For all his roughness, make no mistake: McChrystal is a fairly sophisticated and politically savvy member of this clan. It’s true he’s a hard case, and never more so than during the 1970s at West Point, where he was always in trouble for drinking and other shenanigans. However, he also had a literary side: as an editor of the West Point literary magazine, the Pointer, he turned out a series of short stories, including an eerie, somewhat overstated premonition of the current Obama-McChrystal showdown, entitled “Brinkman’s Note.” Hastings describes it as “a piece of suspense fiction,” in which
“The unnamed narrator appears to be trying to stop a plot to assassinate the president.

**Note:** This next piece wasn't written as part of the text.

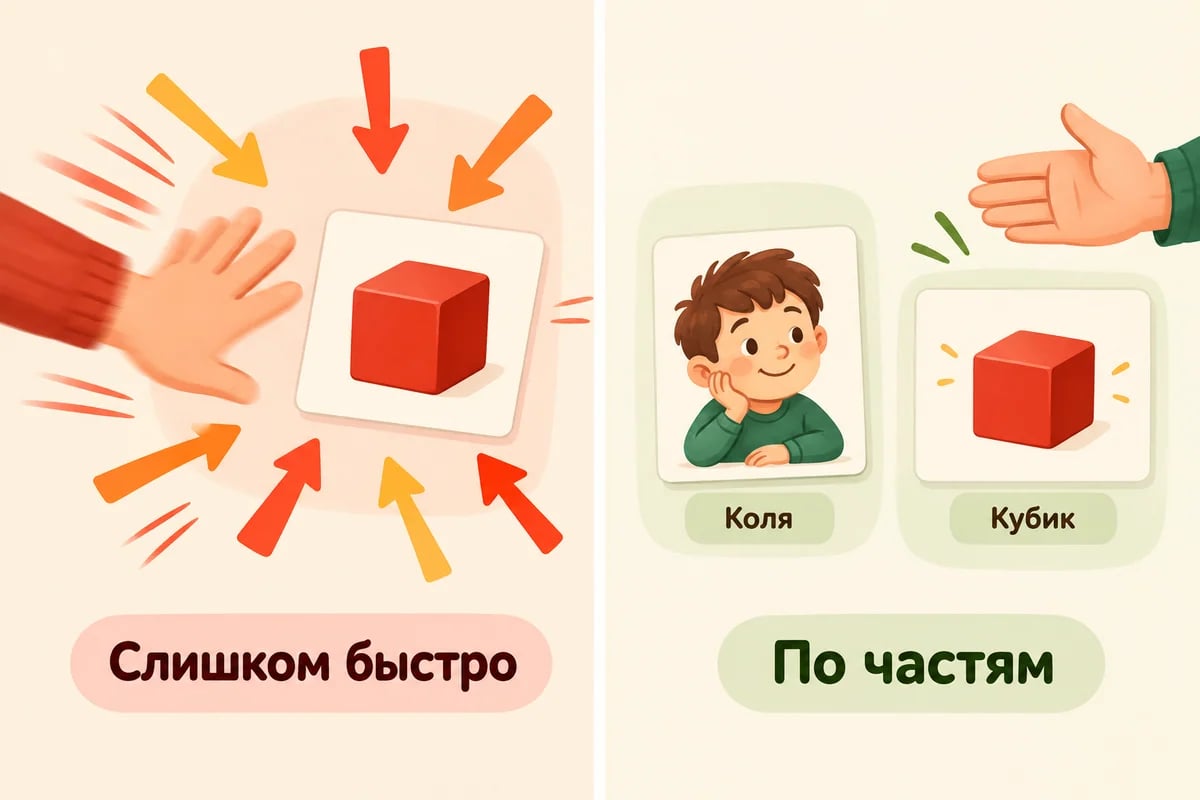 Замена спешки повторением по частям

It turns out, however, that the narrator himself is the assassin, and he’s able to infiltrate the White House: ‘The President strode in smiling. From the right coat pocket of the raincoat I carried, I slowly drew forth my 32-caliber pistol. In Brinkman’s failure, I had succeeded.’”
If I were in the Obama administration – an unlikely scenario, but still – I’d take the McChrystal challenge seriously.

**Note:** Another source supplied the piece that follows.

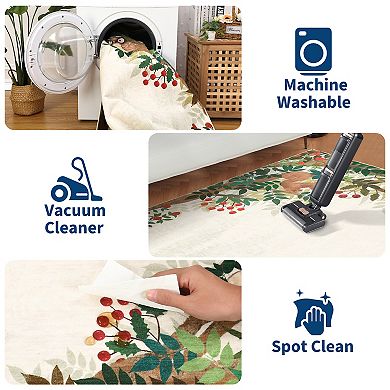 Washable Rug Cute Jungle Animal Non Slip Ultra Thin Soft Stain Resistant Carpet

As the nation teeters on the brink of economic disaster at home, as well as military disaster on the Afghan front, there are voices calling for a Leader – capitalize that, please. The military virtues are a shelter in a socio-economic storm, the causes of which are incomprehensible to the average American. The people are yearning for someone to tell them what to do, and when to do it, and what better leader-figure amid all this turmoil than a tough-talking no-nonsense roughneck, a brute for brutish times. Whether that figure is McChrystal, or someone else, isn’t really the point. What’s important is that his actions – and the President’s response – will set an important precedent.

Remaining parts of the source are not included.